Protecting Our Inalienable Right to Subsidized Golf
Sometimes you wonder what is going on up on Beacon Hill. In the midst of the Senate budget debate, there was a proposal to put certain state assets like golf courses and swimming pools out for operation to private managers. As we’ve noted before, the results of doing this for skating rinks has been an across the board win — continued affordability, greater access, more capital investment, and less burden on the state budget.
But Senator Timility has other ideas:
I rise in opposition to this amendment…. I’ve played Ponkapoag for years. It’s on the farmland of Henry Pearson. When they donated the land in 1894, they said it would be open and free to the commonwealth forever. Ponkapoag pond, the minute you privatize, the minute the door is shut… A person at Ponkapoag plays $27 to play golf. Why subsidize pools and rinks? People want to use that resource, and they were promised by the people who owned that land that it would be open and free. Passing this amendment means those youth programs would be gone. (from State House News Service transcript, subscription required)
His argument has three flaws — the land was donated in 1894 and golf course wasn’t built until 1936, so the notion that we are violating some donation covenant is a reach.
Plus, he’s conflating the Ponkapoag Golf Course with the larger portion of the land grant — the course sets within the Blue Hills Reservation and Ponkapoag pond is part of it. No one is talking about the open space in this amendment.
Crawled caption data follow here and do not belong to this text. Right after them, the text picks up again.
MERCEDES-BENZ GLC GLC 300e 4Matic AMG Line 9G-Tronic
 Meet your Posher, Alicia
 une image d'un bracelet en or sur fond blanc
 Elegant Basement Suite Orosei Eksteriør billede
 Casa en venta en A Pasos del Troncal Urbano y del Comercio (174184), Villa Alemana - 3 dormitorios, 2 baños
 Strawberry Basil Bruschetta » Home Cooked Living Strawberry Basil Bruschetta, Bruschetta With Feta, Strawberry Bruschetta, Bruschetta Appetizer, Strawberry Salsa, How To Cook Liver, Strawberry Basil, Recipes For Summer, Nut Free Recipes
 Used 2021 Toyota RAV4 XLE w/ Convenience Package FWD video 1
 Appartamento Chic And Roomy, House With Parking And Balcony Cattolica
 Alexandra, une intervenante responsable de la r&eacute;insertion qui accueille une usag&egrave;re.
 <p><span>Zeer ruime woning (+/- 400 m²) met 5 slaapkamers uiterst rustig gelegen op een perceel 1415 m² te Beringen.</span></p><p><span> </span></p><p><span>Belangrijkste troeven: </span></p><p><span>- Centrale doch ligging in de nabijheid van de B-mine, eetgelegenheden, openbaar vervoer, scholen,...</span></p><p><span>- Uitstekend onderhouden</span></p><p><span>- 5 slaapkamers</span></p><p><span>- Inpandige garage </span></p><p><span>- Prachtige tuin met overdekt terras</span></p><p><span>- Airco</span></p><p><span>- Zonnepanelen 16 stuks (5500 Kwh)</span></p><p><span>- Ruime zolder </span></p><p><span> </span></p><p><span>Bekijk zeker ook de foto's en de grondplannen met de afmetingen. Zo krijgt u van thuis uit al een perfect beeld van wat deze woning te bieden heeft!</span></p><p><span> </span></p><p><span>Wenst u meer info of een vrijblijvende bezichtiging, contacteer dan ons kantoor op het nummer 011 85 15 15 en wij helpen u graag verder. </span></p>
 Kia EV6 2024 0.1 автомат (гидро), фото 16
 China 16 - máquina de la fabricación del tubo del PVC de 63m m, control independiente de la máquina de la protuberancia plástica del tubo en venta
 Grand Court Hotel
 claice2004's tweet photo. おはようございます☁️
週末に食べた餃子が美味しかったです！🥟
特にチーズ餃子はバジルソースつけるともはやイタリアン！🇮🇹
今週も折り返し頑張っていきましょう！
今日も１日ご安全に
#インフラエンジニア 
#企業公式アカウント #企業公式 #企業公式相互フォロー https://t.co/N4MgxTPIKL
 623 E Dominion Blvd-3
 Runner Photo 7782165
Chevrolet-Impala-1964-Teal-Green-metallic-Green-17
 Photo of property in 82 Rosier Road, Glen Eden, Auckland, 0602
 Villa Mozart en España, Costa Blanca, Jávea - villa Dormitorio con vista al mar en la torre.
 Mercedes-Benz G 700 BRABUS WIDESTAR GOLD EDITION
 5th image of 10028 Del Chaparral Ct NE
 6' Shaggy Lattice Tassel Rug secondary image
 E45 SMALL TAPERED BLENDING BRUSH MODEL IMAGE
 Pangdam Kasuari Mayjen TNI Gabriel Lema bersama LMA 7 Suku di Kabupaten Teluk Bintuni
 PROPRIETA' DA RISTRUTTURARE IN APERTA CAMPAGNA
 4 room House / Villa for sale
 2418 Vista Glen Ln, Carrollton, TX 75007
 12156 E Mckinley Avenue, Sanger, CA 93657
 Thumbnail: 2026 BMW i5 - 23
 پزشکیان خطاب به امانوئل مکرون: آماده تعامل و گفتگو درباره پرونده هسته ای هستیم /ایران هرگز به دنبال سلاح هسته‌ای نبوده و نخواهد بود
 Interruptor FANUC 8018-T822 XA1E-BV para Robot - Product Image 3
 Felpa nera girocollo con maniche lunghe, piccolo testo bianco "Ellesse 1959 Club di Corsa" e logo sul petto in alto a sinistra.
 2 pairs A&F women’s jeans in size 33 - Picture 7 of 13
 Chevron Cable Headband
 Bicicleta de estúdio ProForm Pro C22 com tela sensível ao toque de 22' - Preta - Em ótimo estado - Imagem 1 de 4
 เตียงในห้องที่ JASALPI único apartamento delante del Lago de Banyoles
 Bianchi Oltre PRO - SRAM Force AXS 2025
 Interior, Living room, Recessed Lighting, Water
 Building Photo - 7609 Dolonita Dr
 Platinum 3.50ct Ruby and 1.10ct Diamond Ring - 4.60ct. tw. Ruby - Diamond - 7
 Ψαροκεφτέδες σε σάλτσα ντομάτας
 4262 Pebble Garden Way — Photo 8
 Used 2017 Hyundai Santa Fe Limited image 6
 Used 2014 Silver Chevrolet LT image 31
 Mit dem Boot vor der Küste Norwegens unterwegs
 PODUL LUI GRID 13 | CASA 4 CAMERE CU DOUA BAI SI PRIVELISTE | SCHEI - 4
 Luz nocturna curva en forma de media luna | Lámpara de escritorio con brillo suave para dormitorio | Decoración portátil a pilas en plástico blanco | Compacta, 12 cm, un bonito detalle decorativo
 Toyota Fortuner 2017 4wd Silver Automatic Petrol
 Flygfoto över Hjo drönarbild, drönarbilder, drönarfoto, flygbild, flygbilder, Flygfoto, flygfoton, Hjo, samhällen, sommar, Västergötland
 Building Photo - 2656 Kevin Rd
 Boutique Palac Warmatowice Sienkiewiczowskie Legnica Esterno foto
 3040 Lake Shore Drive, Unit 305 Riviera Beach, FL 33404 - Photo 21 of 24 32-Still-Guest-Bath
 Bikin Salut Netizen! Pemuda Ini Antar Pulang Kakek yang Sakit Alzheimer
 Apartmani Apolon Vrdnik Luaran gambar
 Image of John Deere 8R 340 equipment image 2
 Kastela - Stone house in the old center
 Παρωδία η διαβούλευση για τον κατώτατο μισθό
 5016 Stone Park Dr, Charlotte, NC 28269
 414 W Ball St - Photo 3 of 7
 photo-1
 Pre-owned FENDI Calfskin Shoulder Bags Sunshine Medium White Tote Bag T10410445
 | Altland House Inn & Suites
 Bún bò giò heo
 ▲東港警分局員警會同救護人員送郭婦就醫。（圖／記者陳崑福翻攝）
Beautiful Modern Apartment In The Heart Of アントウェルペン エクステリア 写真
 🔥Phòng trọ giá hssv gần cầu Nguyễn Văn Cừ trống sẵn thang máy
Lastly, the Senator misses the internal contradiction in his remarks. If the course was supposed to be free in perpetuity then why is there a $27 fee? It’s a real leap to make subsidized golf into a social justice issue. There’s plenty of public courses nearby, they might cost a bit more, but if we really have a $2.5 billion structural deficit, shouldn’t eliminating golf subsidies be on the table?